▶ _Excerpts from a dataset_
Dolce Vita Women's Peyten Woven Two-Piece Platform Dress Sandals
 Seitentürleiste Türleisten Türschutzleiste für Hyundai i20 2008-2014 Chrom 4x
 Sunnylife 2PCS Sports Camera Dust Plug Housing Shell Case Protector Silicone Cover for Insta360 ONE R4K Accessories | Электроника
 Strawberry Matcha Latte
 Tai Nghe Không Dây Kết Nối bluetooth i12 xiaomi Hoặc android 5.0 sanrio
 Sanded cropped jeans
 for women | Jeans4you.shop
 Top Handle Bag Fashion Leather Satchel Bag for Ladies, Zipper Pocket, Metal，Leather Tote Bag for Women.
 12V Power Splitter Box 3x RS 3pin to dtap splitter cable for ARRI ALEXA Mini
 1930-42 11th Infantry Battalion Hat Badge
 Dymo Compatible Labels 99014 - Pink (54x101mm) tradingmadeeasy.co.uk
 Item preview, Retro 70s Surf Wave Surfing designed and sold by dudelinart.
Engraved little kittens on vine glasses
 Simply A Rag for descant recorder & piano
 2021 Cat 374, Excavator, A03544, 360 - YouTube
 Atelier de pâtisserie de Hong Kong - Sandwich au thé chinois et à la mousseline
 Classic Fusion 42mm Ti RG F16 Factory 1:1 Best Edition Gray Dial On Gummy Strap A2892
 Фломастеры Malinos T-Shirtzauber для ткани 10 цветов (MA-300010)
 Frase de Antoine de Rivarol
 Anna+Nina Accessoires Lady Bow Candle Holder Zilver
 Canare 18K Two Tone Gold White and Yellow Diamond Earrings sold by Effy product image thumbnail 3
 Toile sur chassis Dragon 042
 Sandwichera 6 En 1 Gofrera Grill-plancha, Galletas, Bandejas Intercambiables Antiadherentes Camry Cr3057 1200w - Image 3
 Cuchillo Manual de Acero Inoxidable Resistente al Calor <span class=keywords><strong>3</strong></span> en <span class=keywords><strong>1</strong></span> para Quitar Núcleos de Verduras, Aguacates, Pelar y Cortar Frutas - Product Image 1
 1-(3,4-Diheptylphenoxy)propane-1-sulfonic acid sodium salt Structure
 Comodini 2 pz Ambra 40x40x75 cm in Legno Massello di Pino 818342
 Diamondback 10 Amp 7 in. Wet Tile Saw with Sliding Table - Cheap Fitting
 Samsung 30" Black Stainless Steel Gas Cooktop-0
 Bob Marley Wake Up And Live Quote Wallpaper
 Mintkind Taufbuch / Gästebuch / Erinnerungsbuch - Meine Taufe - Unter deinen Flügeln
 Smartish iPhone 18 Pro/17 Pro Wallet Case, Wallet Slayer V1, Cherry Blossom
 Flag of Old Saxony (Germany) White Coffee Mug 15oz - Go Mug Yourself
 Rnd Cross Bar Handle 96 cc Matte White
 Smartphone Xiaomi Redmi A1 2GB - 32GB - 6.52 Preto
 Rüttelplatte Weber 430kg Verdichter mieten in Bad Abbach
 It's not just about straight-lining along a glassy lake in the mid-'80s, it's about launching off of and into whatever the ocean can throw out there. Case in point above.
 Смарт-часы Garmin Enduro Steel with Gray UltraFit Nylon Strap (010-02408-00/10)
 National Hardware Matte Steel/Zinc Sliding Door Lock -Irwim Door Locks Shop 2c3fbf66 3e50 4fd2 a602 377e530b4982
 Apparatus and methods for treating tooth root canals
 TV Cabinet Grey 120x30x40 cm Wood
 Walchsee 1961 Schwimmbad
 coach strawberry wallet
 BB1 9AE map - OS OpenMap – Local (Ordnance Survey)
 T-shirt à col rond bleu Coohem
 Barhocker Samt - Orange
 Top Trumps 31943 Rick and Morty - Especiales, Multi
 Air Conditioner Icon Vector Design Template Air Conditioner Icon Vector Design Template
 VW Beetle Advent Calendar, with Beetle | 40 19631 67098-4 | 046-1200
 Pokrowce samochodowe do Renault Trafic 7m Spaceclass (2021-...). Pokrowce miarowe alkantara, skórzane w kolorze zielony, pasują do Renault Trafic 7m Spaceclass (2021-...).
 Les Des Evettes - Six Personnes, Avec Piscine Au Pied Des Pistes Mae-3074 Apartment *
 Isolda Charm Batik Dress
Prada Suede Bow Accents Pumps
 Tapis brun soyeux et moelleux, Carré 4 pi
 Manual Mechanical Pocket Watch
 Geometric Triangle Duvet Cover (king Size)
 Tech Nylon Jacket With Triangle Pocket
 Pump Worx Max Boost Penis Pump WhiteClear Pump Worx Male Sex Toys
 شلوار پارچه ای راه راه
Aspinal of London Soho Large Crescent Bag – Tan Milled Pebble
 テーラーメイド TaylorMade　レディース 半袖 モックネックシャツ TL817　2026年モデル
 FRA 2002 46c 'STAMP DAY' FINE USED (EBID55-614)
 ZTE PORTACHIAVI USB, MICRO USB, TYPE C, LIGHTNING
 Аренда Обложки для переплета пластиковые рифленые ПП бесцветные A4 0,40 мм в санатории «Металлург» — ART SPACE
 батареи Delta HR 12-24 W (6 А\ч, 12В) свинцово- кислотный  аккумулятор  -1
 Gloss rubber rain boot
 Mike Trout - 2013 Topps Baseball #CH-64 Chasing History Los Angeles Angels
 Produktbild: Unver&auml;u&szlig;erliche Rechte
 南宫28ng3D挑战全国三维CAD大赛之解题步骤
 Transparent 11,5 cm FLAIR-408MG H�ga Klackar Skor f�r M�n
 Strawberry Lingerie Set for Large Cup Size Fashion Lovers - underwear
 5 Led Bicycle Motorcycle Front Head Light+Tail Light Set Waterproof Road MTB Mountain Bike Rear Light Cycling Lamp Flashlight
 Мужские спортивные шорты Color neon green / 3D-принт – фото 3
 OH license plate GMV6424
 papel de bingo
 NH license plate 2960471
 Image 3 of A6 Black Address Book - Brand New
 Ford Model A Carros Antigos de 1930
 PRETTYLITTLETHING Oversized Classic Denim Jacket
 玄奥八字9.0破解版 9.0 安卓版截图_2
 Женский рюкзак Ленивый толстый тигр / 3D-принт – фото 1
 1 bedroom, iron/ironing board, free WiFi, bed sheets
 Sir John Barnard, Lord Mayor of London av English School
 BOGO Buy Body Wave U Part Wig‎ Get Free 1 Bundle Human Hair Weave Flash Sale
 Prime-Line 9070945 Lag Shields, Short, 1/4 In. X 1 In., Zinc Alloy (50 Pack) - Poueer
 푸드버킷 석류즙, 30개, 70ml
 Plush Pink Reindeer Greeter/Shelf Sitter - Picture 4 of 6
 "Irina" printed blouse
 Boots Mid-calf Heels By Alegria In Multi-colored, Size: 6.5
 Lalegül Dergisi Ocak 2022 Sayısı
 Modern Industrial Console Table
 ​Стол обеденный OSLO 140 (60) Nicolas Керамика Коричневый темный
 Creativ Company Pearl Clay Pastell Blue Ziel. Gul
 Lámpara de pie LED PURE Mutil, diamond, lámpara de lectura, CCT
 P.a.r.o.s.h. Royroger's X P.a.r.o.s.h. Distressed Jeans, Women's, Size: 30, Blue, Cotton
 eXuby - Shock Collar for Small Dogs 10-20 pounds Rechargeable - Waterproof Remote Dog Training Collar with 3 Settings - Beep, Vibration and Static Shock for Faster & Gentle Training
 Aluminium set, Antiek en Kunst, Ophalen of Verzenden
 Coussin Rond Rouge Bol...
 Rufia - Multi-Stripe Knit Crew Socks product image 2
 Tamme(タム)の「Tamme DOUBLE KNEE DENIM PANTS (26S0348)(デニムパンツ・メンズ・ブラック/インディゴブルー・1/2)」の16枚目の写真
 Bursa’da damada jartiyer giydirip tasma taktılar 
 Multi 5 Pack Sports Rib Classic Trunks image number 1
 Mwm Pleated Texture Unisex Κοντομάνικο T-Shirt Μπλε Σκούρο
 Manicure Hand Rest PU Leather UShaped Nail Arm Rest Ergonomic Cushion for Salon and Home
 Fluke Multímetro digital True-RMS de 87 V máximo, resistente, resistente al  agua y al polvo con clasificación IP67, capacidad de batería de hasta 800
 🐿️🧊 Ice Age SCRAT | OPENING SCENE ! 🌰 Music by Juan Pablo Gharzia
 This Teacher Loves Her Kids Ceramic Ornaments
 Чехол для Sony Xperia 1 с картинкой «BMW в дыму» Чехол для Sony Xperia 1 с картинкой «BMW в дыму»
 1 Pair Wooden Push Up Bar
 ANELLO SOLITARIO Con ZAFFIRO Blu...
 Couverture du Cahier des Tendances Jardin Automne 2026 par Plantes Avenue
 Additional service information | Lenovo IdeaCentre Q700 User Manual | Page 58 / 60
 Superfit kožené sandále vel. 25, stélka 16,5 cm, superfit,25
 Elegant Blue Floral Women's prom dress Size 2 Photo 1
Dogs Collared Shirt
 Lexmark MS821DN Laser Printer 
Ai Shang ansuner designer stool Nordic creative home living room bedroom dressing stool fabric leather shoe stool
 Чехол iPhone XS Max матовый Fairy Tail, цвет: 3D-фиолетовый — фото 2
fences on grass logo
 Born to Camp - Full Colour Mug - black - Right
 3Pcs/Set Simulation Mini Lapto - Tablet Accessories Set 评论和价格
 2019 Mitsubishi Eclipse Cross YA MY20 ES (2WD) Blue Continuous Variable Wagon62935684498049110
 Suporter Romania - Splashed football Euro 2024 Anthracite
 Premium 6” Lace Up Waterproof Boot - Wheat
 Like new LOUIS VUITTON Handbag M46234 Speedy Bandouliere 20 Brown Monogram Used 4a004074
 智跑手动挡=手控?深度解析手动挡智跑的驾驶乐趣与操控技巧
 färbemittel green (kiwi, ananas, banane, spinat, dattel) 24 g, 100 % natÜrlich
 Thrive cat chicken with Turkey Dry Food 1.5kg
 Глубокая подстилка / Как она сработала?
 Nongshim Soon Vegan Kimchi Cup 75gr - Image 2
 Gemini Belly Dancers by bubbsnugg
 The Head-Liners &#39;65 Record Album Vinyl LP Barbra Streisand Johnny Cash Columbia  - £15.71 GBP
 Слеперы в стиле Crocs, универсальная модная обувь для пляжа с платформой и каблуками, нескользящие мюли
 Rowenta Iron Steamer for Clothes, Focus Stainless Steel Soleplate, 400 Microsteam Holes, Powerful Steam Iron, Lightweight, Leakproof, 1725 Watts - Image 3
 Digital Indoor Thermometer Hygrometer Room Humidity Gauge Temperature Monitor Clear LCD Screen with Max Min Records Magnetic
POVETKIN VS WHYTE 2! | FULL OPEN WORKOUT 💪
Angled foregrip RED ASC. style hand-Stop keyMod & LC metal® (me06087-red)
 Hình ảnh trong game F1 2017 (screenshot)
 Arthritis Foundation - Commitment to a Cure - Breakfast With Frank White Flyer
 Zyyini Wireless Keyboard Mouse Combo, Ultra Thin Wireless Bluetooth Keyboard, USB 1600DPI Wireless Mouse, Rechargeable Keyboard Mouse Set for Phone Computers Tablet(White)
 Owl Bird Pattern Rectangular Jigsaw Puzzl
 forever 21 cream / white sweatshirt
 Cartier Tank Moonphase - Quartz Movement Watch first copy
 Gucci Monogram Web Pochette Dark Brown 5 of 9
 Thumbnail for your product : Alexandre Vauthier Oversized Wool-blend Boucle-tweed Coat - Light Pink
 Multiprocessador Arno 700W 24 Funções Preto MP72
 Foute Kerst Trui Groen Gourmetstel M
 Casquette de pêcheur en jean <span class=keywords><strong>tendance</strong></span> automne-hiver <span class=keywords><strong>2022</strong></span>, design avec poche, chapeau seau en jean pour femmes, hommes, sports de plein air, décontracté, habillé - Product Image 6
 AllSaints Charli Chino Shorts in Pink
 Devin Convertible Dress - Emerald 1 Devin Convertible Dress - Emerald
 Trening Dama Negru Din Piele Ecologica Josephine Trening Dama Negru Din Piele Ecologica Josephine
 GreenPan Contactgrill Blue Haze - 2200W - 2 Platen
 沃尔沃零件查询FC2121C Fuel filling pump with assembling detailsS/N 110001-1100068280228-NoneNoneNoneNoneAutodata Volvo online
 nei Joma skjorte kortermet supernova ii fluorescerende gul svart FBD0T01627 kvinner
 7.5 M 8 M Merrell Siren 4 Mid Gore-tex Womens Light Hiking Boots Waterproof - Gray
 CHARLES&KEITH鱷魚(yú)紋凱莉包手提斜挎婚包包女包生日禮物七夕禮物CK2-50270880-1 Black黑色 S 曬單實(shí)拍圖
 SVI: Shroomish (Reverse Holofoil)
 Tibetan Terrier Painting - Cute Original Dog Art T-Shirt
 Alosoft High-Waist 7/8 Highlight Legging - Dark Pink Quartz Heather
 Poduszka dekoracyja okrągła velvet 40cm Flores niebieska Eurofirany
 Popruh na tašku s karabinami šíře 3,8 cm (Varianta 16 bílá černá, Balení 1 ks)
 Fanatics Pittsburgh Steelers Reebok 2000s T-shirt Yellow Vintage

▶ _Work task_
Among the records above, only the lines between the line holding "Prime-Line 9070945 Lag" and the line holding "Mwm Pleated Texture", inclusive, are to be output, exactly as written.

▶ _Expected output_
 Prime-Line 9070945 Lag Shields, Short, 1/4 In. X 1 In., Zinc Alloy (50 Pack) - Poueer
 푸드버킷 석류즙, 30개, 70ml
 Plush Pink Reindeer Greeter/Shelf Sitter - Picture 4 of 6
 "Irina" printed blouse
 Boots Mid-calf Heels By Alegria In Multi-colored, Size: 6.5
 Lalegül Dergisi Ocak 2022 Sayısı
 Modern Industrial Console Table
 ​Стол обеденный OSLO 140 (60) Nicolas Керамика Коричневый темный
 Creativ Company Pearl Clay Pastell Blue Ziel. Gul
 Lámpara de pie LED PURE Mutil, diamond, lámpara de lectura, CCT
 P.a.r.o.s.h. Royroger's X P.a.r.o.s.h. Distressed Jeans, Women's, Size: 30, Blue, Cotton
 eXuby - Shock Collar for Small Dogs 10-20 pounds Rechargeable - Waterproof Remote Dog Training Collar with 3 Settings - Beep, Vibration and Static Shock for Faster & Gentle Training
 Aluminium set, Antiek en Kunst, Ophalen of Verzenden
 Coussin Rond Rouge Bol...
 Rufia - Multi-Stripe Knit Crew Socks product image 2
 Tamme(タム)の「Tamme DOUBLE KNEE DENIM PANTS (26S0348)(デニムパンツ・メンズ・ブラック/インディゴブルー・1/2)」の16枚目の写真
 Bursa’da damada jartiyer giydirip tasma taktılar 
 Multi 5 Pack Sports Rib Classic Trunks image number 1
 Mwm Pleated Texture Unisex Κοντομάνικο T-Shirt Μπλε Σκούρο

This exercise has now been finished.